## Task statement
Lines from the one with "Подушка декоративная Stip" up to and including the one with "Biến động nh&acirc;n" are to be copied exactly from the records below, without their pictures.

## Supplied data
※

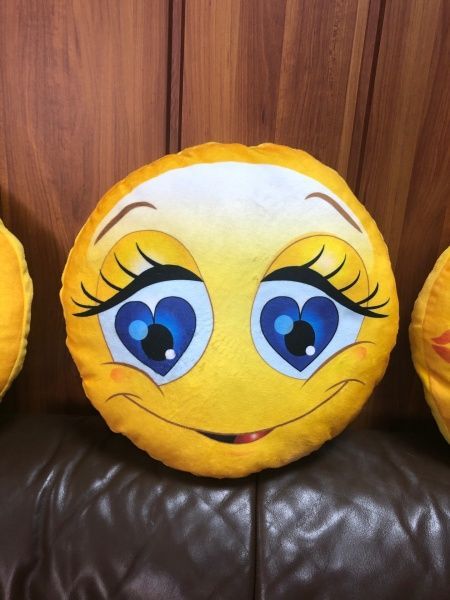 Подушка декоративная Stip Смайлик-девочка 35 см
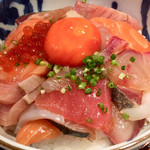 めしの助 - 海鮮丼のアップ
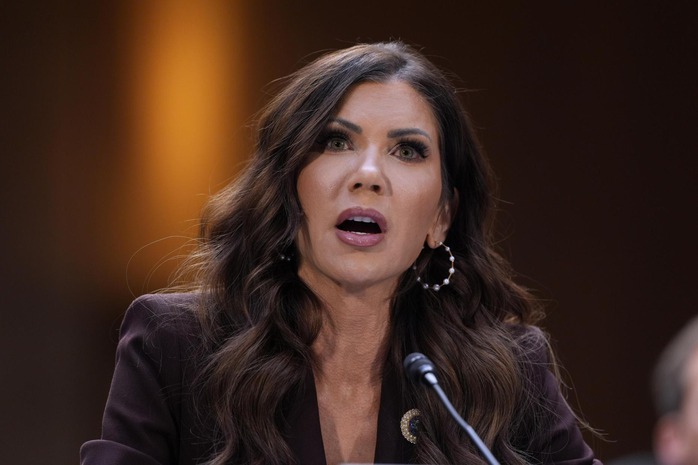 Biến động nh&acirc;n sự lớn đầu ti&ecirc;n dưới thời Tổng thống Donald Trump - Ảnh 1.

※

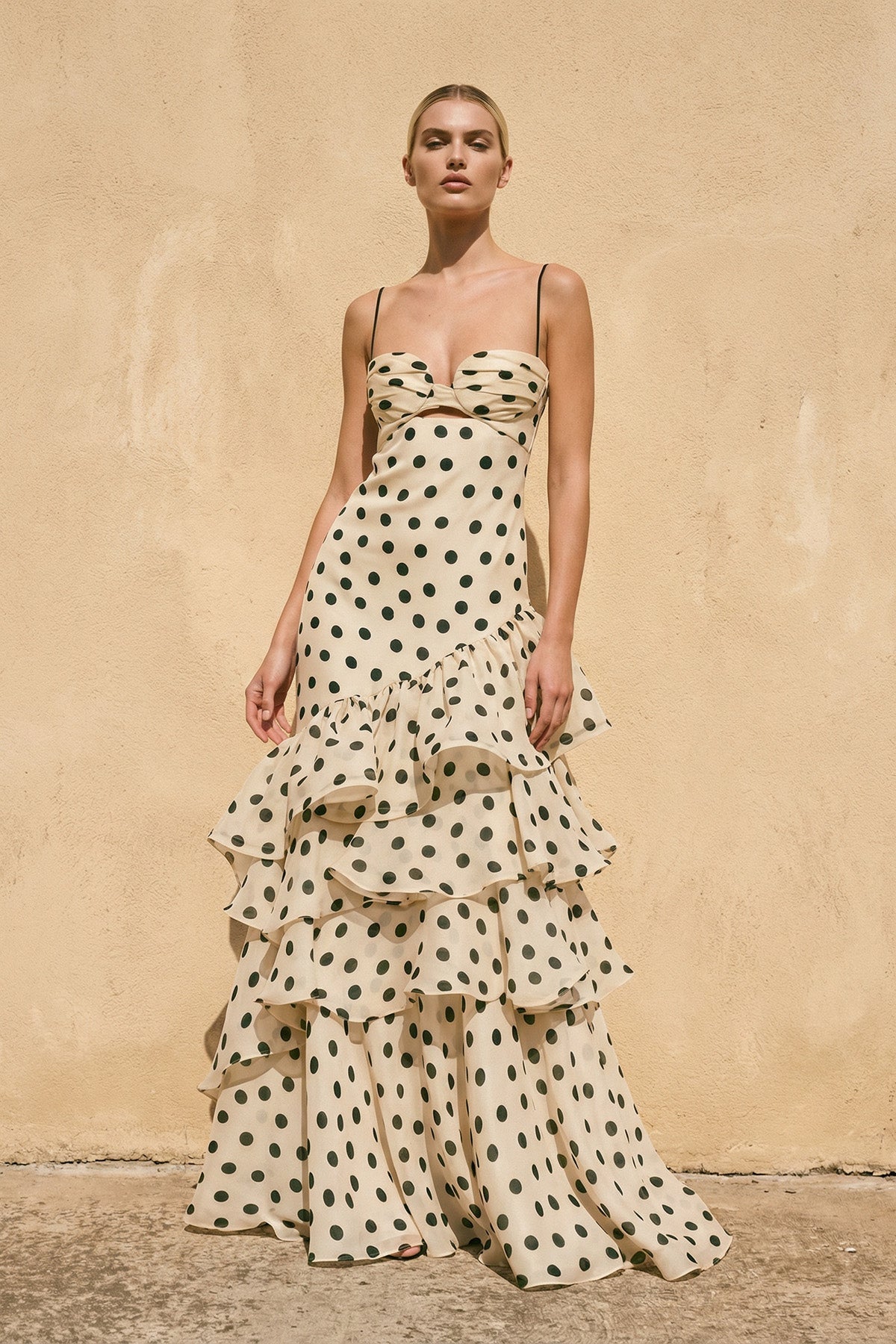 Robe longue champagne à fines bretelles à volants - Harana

※

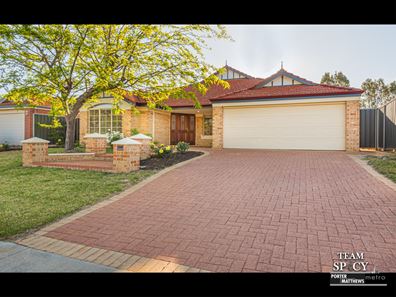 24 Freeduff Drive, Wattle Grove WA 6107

※

## Finished exercise
 Подушка декоративная Stip Смайлик-девочка 35 см
 めしの助 - 海鮮丼のアップ
 Biến động nh&acirc;n sự lớn đầu ti&ecirc;n dưới thời Tổng thống Donald Trump - Ảnh 1.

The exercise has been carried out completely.